Perché si fanno brutti sogni
Ancora non sono chiari i meccanismi neurobiologici del sogno, tuttavia sembrerebbe che alcune parti del nostro cervello contribuiscano più di altre alla loro costruzione. Tra queste, un ruolo fondamentale è giocato da amigdala, ippocampo e corteccia cingolata anteriore che lavorano anche durante la veglia.

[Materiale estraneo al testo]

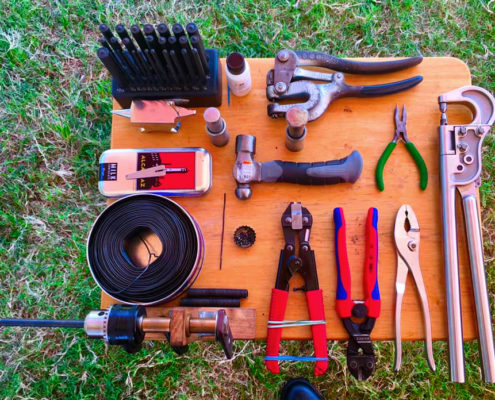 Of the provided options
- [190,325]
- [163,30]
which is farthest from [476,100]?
[190,325]

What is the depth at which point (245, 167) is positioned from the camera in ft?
4.05

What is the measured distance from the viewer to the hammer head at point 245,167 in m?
1.24

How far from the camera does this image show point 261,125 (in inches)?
52.7

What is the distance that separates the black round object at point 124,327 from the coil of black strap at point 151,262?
0.10 meters

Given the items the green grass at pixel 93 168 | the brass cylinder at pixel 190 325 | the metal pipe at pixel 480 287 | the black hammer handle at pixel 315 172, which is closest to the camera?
the brass cylinder at pixel 190 325

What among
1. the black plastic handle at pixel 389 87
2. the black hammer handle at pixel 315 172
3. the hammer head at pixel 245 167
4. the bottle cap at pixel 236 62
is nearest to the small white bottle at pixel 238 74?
the bottle cap at pixel 236 62

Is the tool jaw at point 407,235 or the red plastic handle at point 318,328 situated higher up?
the tool jaw at point 407,235

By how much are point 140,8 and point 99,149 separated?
92 cm

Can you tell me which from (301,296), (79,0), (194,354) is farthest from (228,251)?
(79,0)

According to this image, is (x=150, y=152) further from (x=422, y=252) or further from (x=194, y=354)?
(x=194, y=354)

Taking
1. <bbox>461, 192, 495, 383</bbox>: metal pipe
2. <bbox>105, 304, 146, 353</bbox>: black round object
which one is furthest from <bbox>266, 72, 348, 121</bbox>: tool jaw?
<bbox>105, 304, 146, 353</bbox>: black round object

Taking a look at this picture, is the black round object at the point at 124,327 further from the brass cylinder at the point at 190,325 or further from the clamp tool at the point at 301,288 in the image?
the clamp tool at the point at 301,288

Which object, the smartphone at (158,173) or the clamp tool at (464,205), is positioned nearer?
the clamp tool at (464,205)

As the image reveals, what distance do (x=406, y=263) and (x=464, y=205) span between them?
0.86 feet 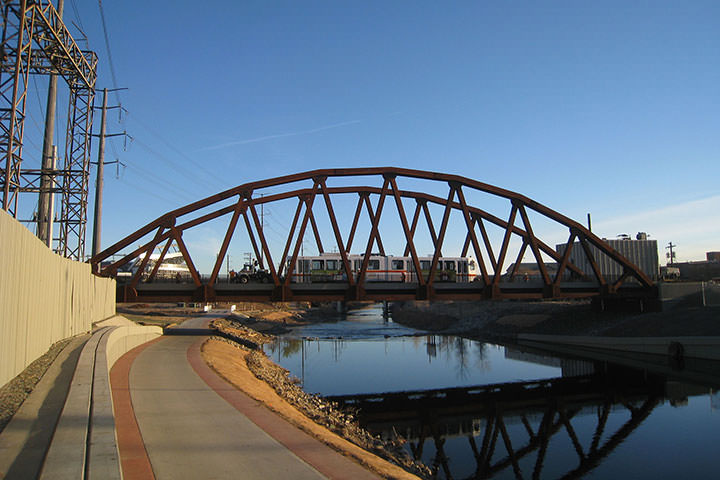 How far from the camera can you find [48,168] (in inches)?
1437

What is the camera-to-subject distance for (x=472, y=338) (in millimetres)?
63625

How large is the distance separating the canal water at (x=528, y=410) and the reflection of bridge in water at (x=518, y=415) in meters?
0.06

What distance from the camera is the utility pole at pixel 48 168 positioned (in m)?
35.7

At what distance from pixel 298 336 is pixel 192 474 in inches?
2259

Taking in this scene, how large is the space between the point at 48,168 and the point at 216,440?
33656mm

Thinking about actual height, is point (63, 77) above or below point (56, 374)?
above

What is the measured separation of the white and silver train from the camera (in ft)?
167

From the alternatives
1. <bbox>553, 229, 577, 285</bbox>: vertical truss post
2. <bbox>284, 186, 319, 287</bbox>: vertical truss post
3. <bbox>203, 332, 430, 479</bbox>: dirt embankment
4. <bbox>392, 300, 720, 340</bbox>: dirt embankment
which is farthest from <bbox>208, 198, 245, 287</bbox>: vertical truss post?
<bbox>392, 300, 720, 340</bbox>: dirt embankment

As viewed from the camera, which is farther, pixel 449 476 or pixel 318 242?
pixel 318 242

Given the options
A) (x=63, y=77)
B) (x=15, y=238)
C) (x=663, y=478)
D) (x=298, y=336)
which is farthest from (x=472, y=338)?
(x=15, y=238)

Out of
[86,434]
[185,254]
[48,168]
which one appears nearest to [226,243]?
[185,254]

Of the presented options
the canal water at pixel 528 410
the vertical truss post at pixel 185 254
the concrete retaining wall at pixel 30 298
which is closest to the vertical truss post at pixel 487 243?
the canal water at pixel 528 410

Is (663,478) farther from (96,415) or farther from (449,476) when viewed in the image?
(96,415)

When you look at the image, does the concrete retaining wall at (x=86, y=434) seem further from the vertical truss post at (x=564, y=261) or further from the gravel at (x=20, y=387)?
the vertical truss post at (x=564, y=261) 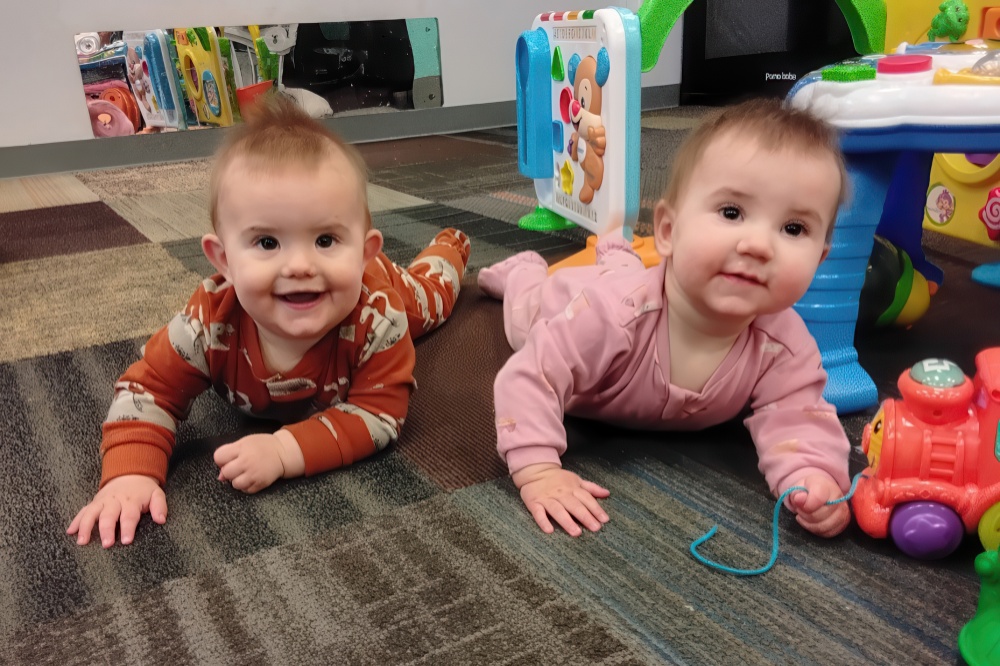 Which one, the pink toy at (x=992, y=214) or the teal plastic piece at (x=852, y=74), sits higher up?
the teal plastic piece at (x=852, y=74)

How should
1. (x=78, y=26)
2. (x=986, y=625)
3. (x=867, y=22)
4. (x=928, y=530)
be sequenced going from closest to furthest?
(x=986, y=625) < (x=928, y=530) < (x=867, y=22) < (x=78, y=26)

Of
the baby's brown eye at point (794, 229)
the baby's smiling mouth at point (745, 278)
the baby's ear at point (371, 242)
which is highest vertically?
the baby's brown eye at point (794, 229)

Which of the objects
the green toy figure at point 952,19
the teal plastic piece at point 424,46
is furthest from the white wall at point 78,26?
the green toy figure at point 952,19

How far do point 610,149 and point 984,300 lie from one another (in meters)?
0.62

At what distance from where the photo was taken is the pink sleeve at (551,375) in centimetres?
72

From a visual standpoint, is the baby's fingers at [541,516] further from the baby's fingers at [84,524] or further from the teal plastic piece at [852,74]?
the teal plastic piece at [852,74]

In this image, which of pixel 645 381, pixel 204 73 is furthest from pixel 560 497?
pixel 204 73

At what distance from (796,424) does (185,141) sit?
2.58 metres

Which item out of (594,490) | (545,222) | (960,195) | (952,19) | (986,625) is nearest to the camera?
(986,625)

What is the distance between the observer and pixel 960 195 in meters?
1.54

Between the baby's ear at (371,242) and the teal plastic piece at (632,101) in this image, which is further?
A: the teal plastic piece at (632,101)

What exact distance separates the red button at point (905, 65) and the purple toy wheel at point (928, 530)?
50 cm

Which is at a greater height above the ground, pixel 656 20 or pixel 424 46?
pixel 656 20

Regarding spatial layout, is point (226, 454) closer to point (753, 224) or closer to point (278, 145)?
point (278, 145) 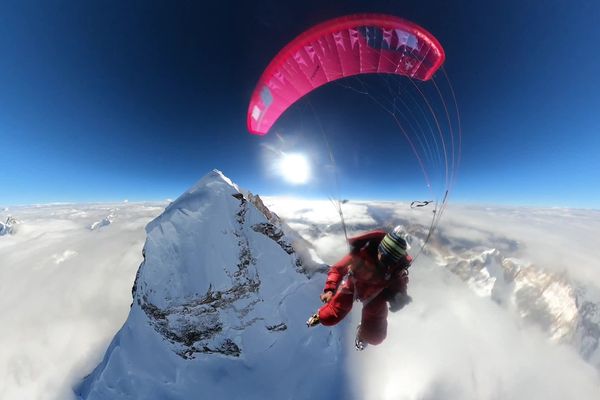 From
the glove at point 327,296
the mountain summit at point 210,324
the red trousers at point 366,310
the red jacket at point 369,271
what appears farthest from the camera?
the mountain summit at point 210,324

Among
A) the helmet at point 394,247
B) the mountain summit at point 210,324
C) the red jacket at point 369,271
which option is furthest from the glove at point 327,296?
the mountain summit at point 210,324

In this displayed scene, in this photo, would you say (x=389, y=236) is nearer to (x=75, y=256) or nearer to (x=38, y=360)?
(x=38, y=360)

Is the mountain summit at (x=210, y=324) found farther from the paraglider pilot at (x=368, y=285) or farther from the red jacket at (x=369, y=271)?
the red jacket at (x=369, y=271)

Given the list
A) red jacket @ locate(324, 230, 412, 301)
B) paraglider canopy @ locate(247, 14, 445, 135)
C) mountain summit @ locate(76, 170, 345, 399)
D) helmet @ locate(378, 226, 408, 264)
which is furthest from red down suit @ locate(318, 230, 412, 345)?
mountain summit @ locate(76, 170, 345, 399)

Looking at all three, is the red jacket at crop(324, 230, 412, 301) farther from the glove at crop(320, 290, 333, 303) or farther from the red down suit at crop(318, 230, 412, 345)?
the glove at crop(320, 290, 333, 303)

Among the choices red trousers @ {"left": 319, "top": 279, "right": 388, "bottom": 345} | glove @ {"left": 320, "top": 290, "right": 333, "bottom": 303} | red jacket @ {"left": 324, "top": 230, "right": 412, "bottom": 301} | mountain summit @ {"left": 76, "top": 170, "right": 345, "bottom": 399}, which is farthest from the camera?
mountain summit @ {"left": 76, "top": 170, "right": 345, "bottom": 399}

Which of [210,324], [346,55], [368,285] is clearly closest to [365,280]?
[368,285]

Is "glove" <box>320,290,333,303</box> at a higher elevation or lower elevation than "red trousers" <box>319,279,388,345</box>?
higher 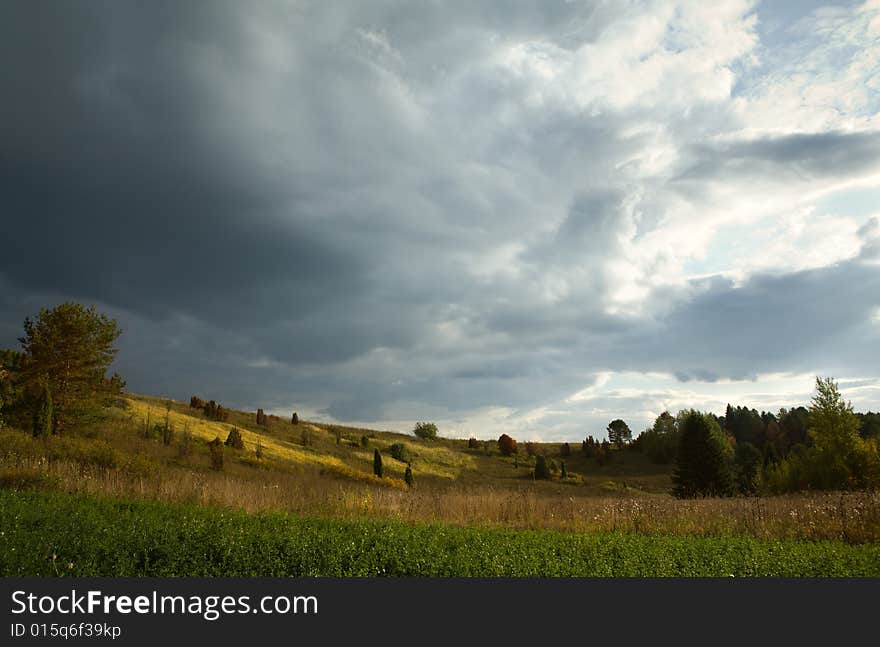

In particolare l’amigdala è incaricata di elaborare le emozioni negative (per esempio la paura), l’ippocampo di ricordarle e contestualizzarle, ovvero dare dei riferimenti soprattutto temporali. La corteccia cingolata anteriore tra le altre cose, è in grado enfatizzare e attribuire una valenza emotiva agli eventi e regolare l’intensità dell’emozione.
Dunque vi è una stretta relazione tra ciò che proviamo durante il giorno e l’attività notturna del nostro cervello. Infatti, durante la notte si attivano delle aree cerebrali che si attivano anche durante la veglia. Solo che qualcosa rende tutto un pò più confuso: le aree del nostro cervello responsabili degli aspetti più razionali stanno dormendo insieme a noi, mentre le parti più antiche e irrazionali sono in piena attività. Per questo nel nostro sogno ed anche in quello dei nostri bambini, tutto ci sembrerà amplificato, privo di logica e irrazionale. Ma le emozioni che proviamo durante la notte sono “proprio vere” e spesso “esagerate ed amplificate”.
In quest’ottica, ascoltare i nostri piccoli è fondamentale per cercare di capire quali preoccupazioni li agitano, cosa ha causato in loro quel brutto sogno. In alcuni casi semplicemente hanno visto un film, ascoltato una storia, giocato a un gioco con contenuti spaventosi o che non hanno compreso. Quindi dare loro spiegazioni, oppure stare più attenti a cosa guardano o ascoltano può essere la soluzione.
Ci sono anche situazioni, però, in cui i piccoli non sanno spiegarsi il motivo di certi sogni, che evidenziano quanto siano il risultato di situazioni di ansia e stress, talvolta depressione, in questo caso è bene rivolgersi a uno psicologo che indaghi la situazione, comprenda le cause e ci suggerisca la soluzione migliore per il nostro bimbo, affinché dopo la favola della buonanotte torni a fare "sogni d'oro".